The study focuses on intriguing questions. Whether and how tumors can develop in the freshwater polyp hydra, and how they influence the fitness of the animals?

Weaknesses:

Concept of germline tumors.
The conceptual foundation of their experiments on germline tumors was the study of Domazet-Lošo et al (2014) introducing the concept of germline tumors in hydra (see above). While this is an intriguing hypothesis, there has been little advancement in comprehending the molecular mechanisms underlying tumor formation in hydra beyond this initial investigation. Germline tumors in hydra do not fully meet the typical criteria for neoplasms observed in mammalian tissues. More importantly, a similar phenotype was already reported by the work of Paul Brien and described as "crise gametique" (Brien, 1966, Biologie de la reproduction animale - Blastogenèse, Gamétogenèse, Sexualisation, ed. Masson & Cie, Paris). This phenomenon of gametic crisis is unique to Hydra oligactis, a stenotherm, cold-adapted cosmopolitan species.
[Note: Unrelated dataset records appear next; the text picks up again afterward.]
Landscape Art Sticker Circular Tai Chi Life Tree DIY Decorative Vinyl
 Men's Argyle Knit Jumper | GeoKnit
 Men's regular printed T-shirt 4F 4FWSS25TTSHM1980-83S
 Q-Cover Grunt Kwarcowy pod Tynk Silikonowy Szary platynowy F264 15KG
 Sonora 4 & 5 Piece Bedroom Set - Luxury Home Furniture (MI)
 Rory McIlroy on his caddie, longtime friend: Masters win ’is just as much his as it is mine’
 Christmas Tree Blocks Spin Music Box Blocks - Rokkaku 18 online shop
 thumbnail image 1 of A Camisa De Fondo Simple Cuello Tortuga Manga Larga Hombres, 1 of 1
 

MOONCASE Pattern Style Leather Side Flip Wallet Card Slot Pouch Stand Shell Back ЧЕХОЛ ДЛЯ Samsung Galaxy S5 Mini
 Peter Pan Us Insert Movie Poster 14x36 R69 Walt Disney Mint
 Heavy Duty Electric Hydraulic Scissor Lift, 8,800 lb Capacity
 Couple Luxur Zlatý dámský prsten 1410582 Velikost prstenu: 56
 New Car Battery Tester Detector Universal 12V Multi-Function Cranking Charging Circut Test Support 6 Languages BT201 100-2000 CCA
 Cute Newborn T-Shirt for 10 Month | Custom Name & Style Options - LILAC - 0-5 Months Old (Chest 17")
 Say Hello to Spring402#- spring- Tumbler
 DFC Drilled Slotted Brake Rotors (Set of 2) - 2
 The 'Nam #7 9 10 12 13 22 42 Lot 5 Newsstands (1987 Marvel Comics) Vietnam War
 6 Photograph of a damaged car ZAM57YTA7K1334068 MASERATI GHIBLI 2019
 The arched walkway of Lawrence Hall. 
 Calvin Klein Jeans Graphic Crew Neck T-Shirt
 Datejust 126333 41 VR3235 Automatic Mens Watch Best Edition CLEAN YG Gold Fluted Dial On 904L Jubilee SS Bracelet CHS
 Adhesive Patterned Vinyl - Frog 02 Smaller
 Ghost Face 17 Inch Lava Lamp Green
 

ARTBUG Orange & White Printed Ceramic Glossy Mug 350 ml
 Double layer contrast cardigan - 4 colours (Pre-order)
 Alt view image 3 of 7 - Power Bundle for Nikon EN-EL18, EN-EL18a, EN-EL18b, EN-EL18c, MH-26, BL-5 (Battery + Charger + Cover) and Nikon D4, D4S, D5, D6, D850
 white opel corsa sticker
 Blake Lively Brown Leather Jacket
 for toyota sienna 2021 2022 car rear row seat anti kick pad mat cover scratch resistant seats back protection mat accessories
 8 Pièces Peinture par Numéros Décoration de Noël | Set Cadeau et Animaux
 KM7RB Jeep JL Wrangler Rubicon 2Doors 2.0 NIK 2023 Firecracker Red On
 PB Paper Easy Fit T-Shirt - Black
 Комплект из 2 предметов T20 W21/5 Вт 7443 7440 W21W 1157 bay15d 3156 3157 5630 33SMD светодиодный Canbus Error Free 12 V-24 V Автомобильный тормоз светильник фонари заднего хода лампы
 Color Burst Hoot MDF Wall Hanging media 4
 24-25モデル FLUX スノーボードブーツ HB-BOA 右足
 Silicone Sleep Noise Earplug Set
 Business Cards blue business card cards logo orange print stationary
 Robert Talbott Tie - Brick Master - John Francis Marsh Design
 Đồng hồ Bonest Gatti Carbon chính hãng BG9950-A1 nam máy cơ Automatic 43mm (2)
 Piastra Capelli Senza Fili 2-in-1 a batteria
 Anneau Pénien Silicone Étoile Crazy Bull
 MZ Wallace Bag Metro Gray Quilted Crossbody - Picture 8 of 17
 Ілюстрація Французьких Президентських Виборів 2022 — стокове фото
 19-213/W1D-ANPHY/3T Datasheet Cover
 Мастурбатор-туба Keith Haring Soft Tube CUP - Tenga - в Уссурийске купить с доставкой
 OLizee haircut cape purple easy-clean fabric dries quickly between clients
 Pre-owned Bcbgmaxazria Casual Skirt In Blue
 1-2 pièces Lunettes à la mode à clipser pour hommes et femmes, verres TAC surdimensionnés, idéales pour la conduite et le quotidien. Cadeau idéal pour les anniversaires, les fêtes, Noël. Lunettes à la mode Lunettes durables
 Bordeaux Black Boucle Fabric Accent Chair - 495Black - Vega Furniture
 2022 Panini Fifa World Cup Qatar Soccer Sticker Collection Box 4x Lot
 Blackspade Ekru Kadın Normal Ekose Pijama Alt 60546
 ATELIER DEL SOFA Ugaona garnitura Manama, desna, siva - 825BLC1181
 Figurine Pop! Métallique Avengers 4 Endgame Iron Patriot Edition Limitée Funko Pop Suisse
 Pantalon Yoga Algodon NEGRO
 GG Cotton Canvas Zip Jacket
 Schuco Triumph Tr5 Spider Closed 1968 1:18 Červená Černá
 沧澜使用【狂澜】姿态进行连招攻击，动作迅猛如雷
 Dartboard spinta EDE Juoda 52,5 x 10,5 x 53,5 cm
In this species, gametogenesis severely impacts the vitality of the polyps, often leading to complete exhaustion and death (Tardent, 1974). Animals can only be rescued during the initial phase of the cold-induced sexual period (see also the research of Littlefield (1984, 1985, 1986, 1991). The observed arrest in differentiation arrest in germline tumors might represent an epigenetically established consequence of surviving gametogenesis. Regrettably, this important work was not mentioned by the authors or by Domazet-Lošo et al. (2014), highlighting a notable gap in the recognition of basic research in this area that might challenge the hydra tumor hypothesis.

"Super-nummary" tentacles in graft experiments.
The authors describe that after grafting tissue from animals with germline tumors to wild-type animals, the number of tentacles in the host tissue increased when the donor tissue had germline tumors. A maximum effect of four additional tentacles was found with donor strain H. oligactis robusta and three additional tentacles with donor strain H.oligactis St Petersburg. In general, H.oligactis wild-type host strains had fewer tentacles than H.oligactis St Petersburg strains. This is consistent with the results of Domazet-Lošo et al (2014) who showed that the number of tentacles increased in the strains with germline tumors. What conclusions can be drawn from these experiments? The authors might want to conclude that transmissible tumors in Hydra have developed strategies to manipulate the phenotype of their host. But there is no evidence for this, as essential controls are missing. It is known that the size of hydra polyps is proportion-regulated, i.e. the number of tentacles varies with the size and number of (epithelial) cells. Such controls are missing in the experiments. There is also a lack of controls from wild-type animals in gametogenesis: it is very likely that grafts with wild-type animals with egg spots of comparable size as the germline tumors (see above) will result in similar numbers of tentacles in host tissue.